# Western Brigalow Belt QLD



## -Matt- (Feb 14, 2011)

Over the weekend myself and a few friends went on a herping trip out to the Brigalow area of QLD to see what reptiles we could find and to try and tick off a few new species. The weekend was a pretty big success with a handful of new reptiles seen and photographed for me!
Here's a few pics of some of the stuff that we saw...

De vis' Banded Snake _Denisonia devisi_








Pale Headed Snake _Hoplocephalus bitorquatus_








Eastern Brown Snake _Pseudonaja textilis_




Blurry pic




Excitable Delma _Delma tincta_




Tree Skink_ Egernia striolata_




Mulga Snake_ Pseudechis australis_




Strap-Snouted Brown Snake _Pseudonaja aspidorhyncha_




A different _P. aspidorhyncha_




Sand Monitor _Varanus gouldii_




A nice red_ P. textilis_




A herping highlight!
Brigalow Woma python _Aspidites ramsayi_


----------



## ecosnake (Feb 14, 2011)

Some nice finds and some very nice shots...


----------



## AUSHERP (Feb 14, 2011)

oh wow, they are amazing photos man! look at that cobra hood flare on the strap snout!! how close did you have the camera to the animals is it to scale or were you zoomed?


----------



## voodoo (Feb 14, 2011)

Wow, awesome pics.

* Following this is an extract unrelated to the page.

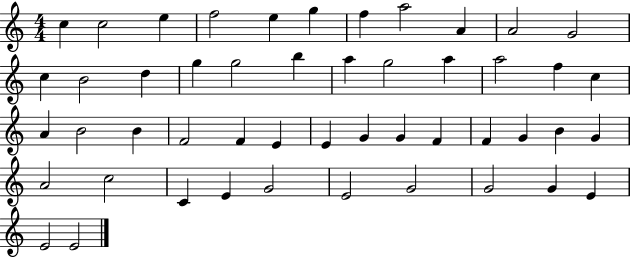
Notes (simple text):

C5/q C5/h E5/q F5/h E5/q G5/q F5/q A5/h A4/q A4/h G4/h C5/q B4/h D5/q G5/q G5/h B5/q A5/q G5/h A5/q A5/h F5/q C5/q A4/q B4/h B4/q F4/h F4/q E4/q E4/q G4/q G4/q F4/q F4/q G4/q B4/q G4/q A4/h C5/h C4/q E4/q G4/h E4/h G4/h G4/h G4/q E4/q E4/h E4/h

Ive spent 5 days out there late last year, and only saw a spotted black snake, blueys, and a few shinglebacks...and dead sand goannas, common and western browns. Where abouts in the brigalow did you go?.


----------



## thals (Feb 14, 2011)

I love how much variety you get with browns, awesome snakes!


----------



## Smithers (Feb 14, 2011)

Fantastic images I'd want at least a 500mm tele to take some of those pics...

Thanks for posting


----------



## najanaja (Feb 14, 2011)

there is some great finds,,,

what area of Qld is Brigalow?


----------



## Scleropages (Feb 14, 2011)

Wow the browns are awesome!


----------



## pythons73 (Feb 15, 2011)

Top photos Matt..love the pictures of the Browns,Mulga and Woma.Some stunning shots especially the Mulga...Well done..


----------



## cadwallader (Feb 15, 2011)

your pictures are amazing...
very successful weekend


----------



## Fuscus (Feb 15, 2011)

Stunning picks matt. Let me know if you do another trip like that, I've been itching to go to that area


----------



## dihsmaj (Feb 15, 2011)

I've only heard of five of those animals, I love the Strap-Snouted's threat display!


----------



## damian83 (Feb 15, 2011)

nice pics mate, well done


----------



## hornet (Feb 15, 2011)

oh wow, very nice, considering making the move out to goondiwindi shortly, would be great to find these herps locally


----------



## -Matt- (Feb 15, 2011)

AUSHERP said:


> oh wow, they are amazing photos man! look at that cobra hood flare on the strap snout!! how close did you have the camera to the animals is it to scale or were you zoomed?


 
As close as I could possibly get so I could get full frame shots. This picture of Dan (DanTheMan) may give you an idea 







voodoo said:


> Wow, awesome pics. Ive spent 5 days out there late last year, and only saw a spotted black snake, blueys, and a few shinglebacks...and dead sand goannas, common and western browns. Where abouts in the brigalow did you go?.


 
These pics were all taken between Dalby and Bollon.


----------



## DanTheMan (Feb 15, 2011)

Hahaha, alcohol is a must when dealing with vens, it gives you confidence!


----------



## voodoo (Feb 15, 2011)

These pics were all taken between Dalby and Bollon.[/QUOTE]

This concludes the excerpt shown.